The UFT and Mayor announce 9-year, preliminary budget.
The UFT and Mayor announce 9-year, preliminary contract.
By Marc Bussanich 

New York, NY—The United Federation of Teachers, whose members have been working without a contract for five years, announced with Mayor Bill de Blasio at City Hall on Thursday a new, 9-year contract that has to pass muster with the union’s 200,000 members and the Municipal Labor Committee. Video of UFT Presser at City Hall

Under the proposal, teachers would receive similar raises to those that had been granted by the Bloomberg administration to much of the city workforce of 4 percent each for 2009 and 2010, according to the Mayor’s office. The wage increases will be disbursed in increments from 2015 to 2020. To help sell the contract to the membership, the contract includes a $1,000 ratification payment to each full in-service teacher.

Robert Linn, the city’s Director of Labor Relations, explained during the presser that the city will be able to afford retroactive pay and wage increases vis-à-vis significant health care cost reductions.

“We negotiated a deal that agrees that over four years going forward—FY 2015, 2016, 2017 and 2018—we will reach savings in health care of specific targets. If it’s applied city wide, it would save $400 million in the first year, then $700 million, then $1 billion and then $1.43 billion,” said Linn.

The preliminary agreement, should it be ratified, would serve as the model for other city unions to bargain for. But one hitch to the preliminary agreement is that the majority of the city unions who make up the MLC have to vote too on whether they want their own members to accept significant health care increases. If the MLC votes no to the proposal, then the agreement is nullified.

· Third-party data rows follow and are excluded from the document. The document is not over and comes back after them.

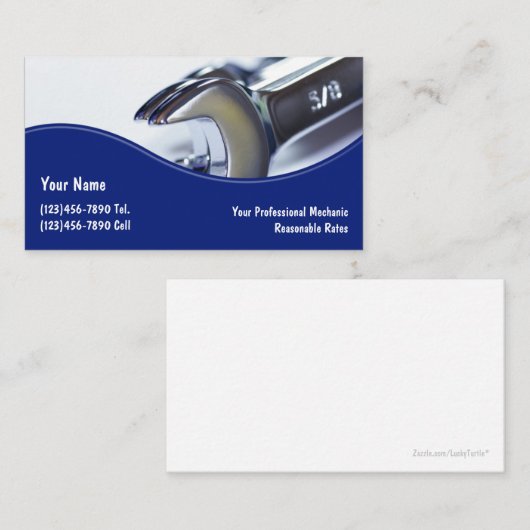 Carte De Visite Classes d'école de mécanicien automobile (Devant / Derrière)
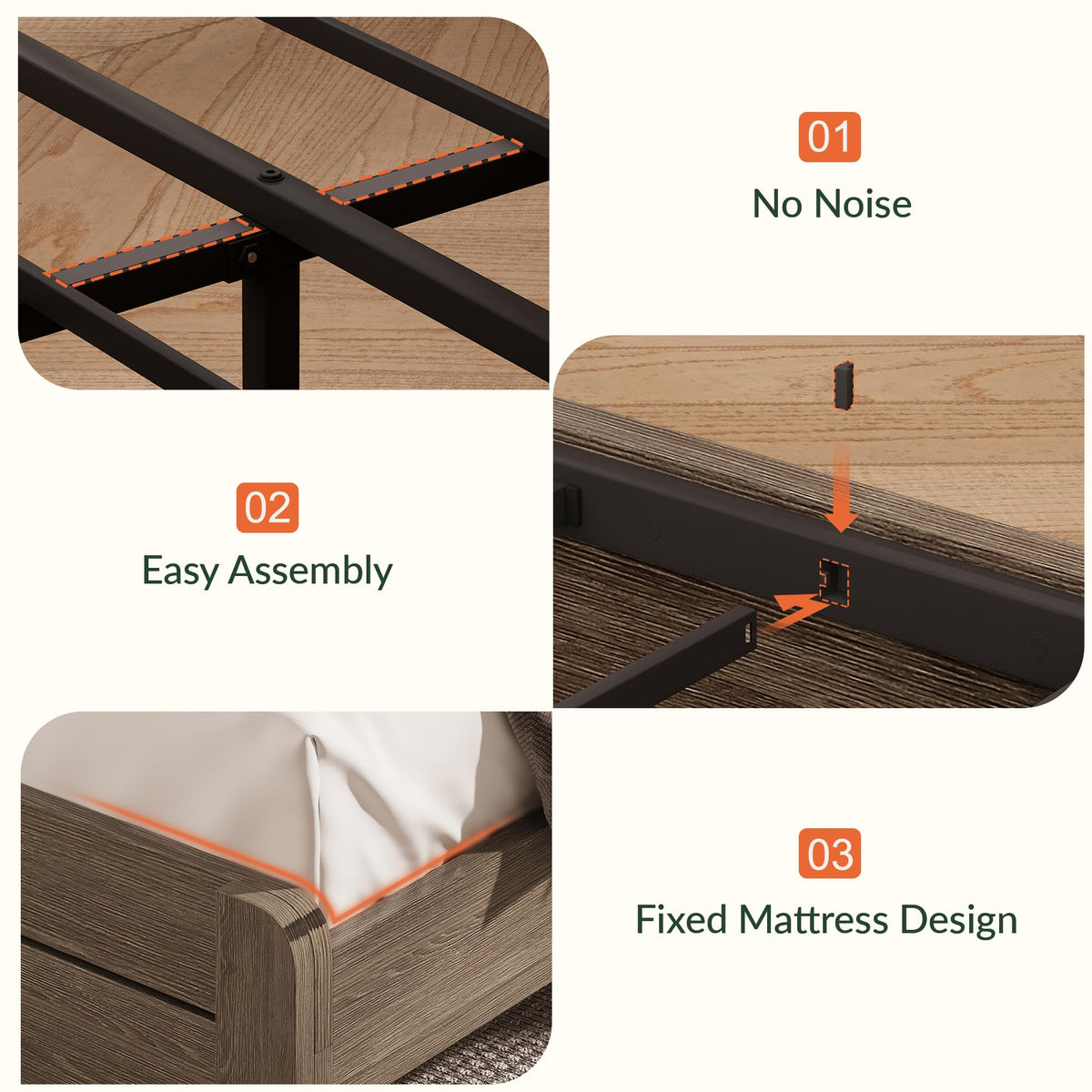 King Size Brown Wooden Platform Bed Frame with Headboard D89583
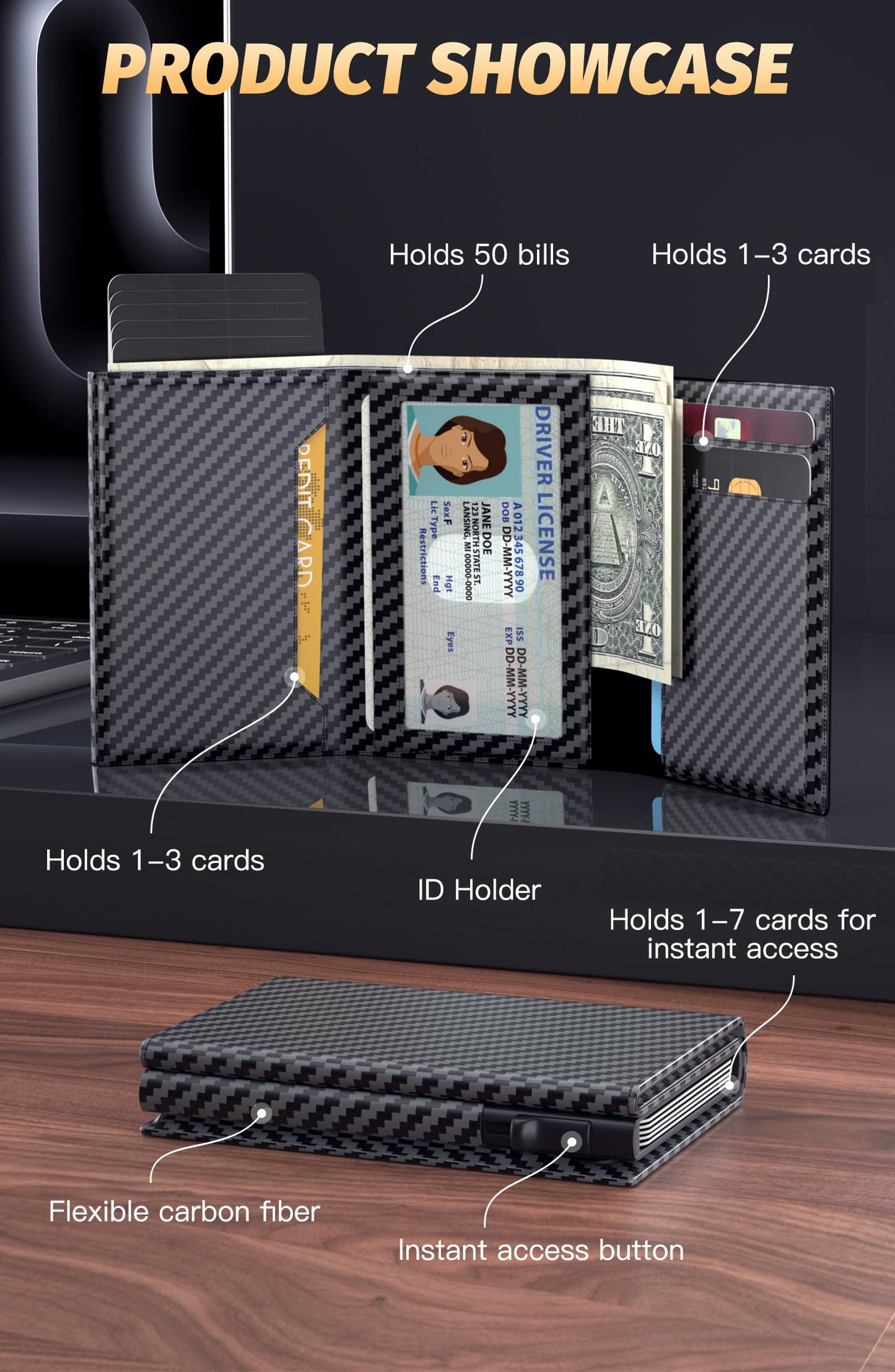 FIYUM Wallet for Men, Minimalist Wallets with Cash Pocket & 9-13 Cards, ID Window Metal Case Smart Slim Pop Up Credit Card Holder Flip with Magnetic Closure RFID Blocking Trifold Wallet with Gift Box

But Michael Mulgrew, the UFT’s prez, said in a video interview he feels pretty good that the MLC will ratify.

“I will work with my colleagues in labor, but I am very optimistic going in,” said Mulgrew.

The wage increments call for a 1 percent raise for May 2013 and a 1 percent raise for May 2014. Then a 1 percent raise in May 2015, followed by raises of 1.5 percent, 2.5 percent and 3 percent in 2016, 2017 and 2018, respectively.

The 9-year contract would begin, retroactively, on November 1, 2009 and expire on October 31, 2018.